§ Data section
###
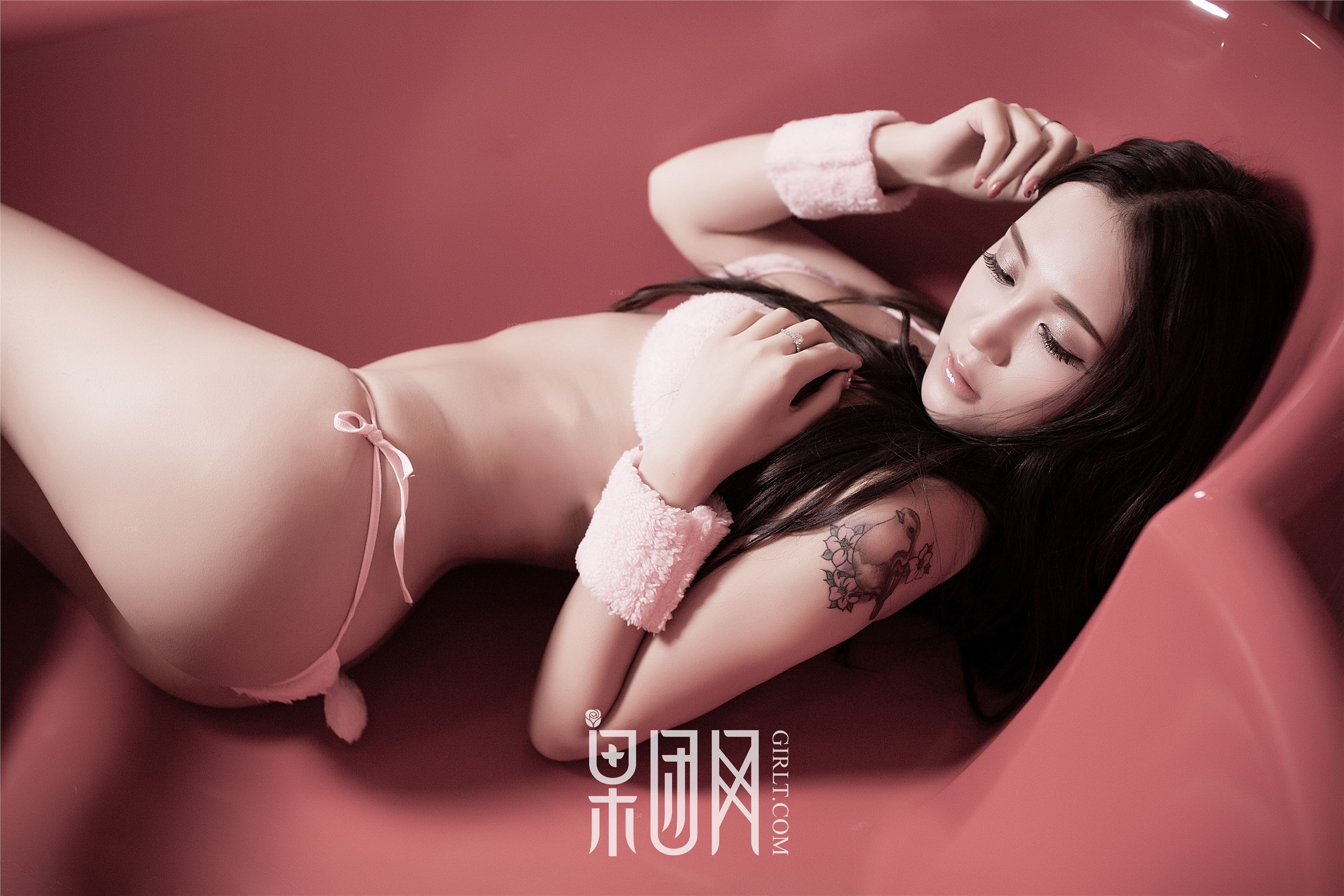 [Girlt果团网]2018.04.04 No.136 小兔子乖乖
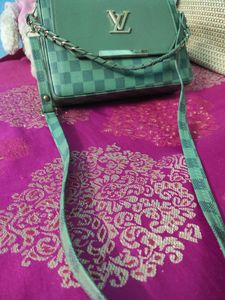 Today&#39;s Offer Only Stylish Lv Handbag + Sling Bag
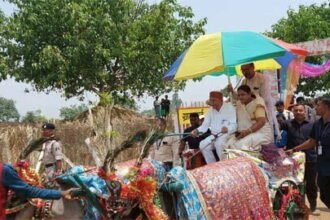 बैलगाड़ी पर माटी तिहार मनाने पहुंचे गृह मंत्री ताम्रध्वज साहू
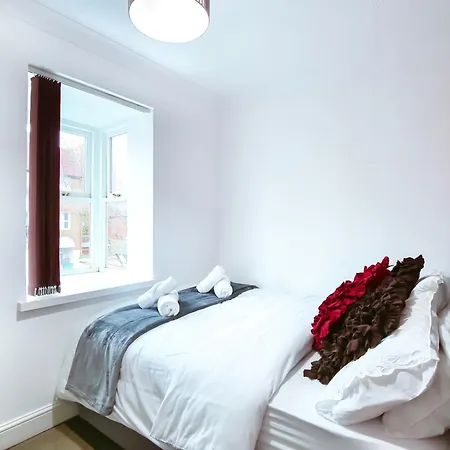 Apartment Cosy 4 Bed With Garden & Driveway Parking Wimbledon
###
§ Work instruction
Omit every picture while printing the data word for word.

§ Written response
 [Girlt果团网]2018.04.04 No.136 小兔子乖乖
 Today&#39;s Offer Only Stylish Lv Handbag + Sling Bag
 बैलगाड़ी पर माटी तिहार मनाने पहुंचे गृह मंत्री ताम्रध्वज साहू
 Apartment Cosy 4 Bed With Garden & Driveway Parking Wimbledon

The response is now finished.